I’ve been watching the divergence setting up on gold’s hourly chart for the past week or so. It’s getting pretty extreme, leading me to believe something’s gotta give.
In addition, the bearish butterfly pattern (on the daily chart since May 2) has extended to the 2.618 level, and the smaller, nested bearish crab pattern (on the 60-min chart since Aug 4) has extended to the 3.14 level. If these patterns were to play out, the correction could be impressive.
A garden variety .618 retrace (of DA) would indicate a 200 point decline to 1533. A typical 1.618 retrace would take gold to 1263.
It’s important to note that butterfly patterns can end at any extreme Fibonacci extension of the BC leg. Although the most typical ones are 1.618, 2, 2.24 and 2.618 (where we are now), it’s possible we’ll extend further. The 3.0 extension is at 1807 and the 3.618 at 1878. So, stops make a lot of sense.

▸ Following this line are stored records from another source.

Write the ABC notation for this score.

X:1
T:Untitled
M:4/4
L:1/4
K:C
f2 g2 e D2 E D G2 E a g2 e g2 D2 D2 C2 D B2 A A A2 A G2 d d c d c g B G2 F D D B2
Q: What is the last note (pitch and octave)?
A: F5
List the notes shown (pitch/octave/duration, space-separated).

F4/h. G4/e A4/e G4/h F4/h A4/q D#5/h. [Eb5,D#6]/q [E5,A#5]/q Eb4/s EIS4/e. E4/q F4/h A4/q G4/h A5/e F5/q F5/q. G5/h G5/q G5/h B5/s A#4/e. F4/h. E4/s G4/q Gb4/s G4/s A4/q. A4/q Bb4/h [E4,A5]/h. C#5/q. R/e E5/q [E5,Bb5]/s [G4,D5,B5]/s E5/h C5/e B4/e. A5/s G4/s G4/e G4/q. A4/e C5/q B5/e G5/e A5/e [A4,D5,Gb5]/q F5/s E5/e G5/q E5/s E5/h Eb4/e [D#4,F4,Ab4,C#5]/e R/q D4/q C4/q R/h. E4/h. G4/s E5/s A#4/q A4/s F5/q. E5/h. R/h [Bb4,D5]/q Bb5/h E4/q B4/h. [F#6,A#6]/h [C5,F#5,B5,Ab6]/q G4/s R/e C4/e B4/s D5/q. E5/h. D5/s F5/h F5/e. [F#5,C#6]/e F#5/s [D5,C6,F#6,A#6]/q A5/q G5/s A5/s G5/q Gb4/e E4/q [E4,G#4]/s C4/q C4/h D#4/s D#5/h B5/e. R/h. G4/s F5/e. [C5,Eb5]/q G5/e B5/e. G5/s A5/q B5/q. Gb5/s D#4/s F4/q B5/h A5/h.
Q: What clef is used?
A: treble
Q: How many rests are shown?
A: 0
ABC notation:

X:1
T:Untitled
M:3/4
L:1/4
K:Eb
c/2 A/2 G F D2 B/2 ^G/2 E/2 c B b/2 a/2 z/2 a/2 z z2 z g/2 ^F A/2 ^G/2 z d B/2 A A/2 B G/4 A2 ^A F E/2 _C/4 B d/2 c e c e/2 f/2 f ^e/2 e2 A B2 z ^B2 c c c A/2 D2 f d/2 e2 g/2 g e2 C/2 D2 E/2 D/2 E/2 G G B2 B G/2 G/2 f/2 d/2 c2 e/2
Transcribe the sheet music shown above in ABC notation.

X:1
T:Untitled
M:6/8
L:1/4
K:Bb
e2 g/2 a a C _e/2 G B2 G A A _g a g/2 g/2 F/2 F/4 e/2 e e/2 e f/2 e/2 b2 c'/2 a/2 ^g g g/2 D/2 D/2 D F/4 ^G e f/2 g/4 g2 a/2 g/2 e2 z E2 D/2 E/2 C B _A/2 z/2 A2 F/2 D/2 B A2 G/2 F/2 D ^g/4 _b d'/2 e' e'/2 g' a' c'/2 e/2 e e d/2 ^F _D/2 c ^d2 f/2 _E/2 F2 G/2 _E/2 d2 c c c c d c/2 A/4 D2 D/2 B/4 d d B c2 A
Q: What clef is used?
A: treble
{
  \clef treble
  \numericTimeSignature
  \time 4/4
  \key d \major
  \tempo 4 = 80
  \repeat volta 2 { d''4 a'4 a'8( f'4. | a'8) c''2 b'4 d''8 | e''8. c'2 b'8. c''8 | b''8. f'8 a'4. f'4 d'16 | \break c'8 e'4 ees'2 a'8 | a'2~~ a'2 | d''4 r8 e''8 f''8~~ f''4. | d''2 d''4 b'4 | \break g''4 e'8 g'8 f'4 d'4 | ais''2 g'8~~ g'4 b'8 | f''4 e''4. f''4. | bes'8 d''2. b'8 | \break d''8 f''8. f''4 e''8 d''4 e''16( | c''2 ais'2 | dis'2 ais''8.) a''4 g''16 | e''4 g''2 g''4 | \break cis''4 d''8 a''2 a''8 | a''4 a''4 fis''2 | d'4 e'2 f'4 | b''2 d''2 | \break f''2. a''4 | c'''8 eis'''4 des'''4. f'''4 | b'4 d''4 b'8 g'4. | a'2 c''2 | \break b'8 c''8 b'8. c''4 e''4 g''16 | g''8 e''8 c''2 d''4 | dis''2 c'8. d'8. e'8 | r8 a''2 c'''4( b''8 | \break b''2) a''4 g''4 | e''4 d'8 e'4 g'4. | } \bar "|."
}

Getting away from the technical picture for a moment… it seems the entire run up has been predicated on the certainty of a declining dollar. It’s an easy scenario to believe, since the Fed has so thoroughly trashed the dollar in previous rounds of QE.
And, they could certainly try it again. We’ll know soon enough. But, if they don’t, this is one very over-extended puppy. I like the risk/reward very much — not enough to bet the farm on, but definitely worth a shot.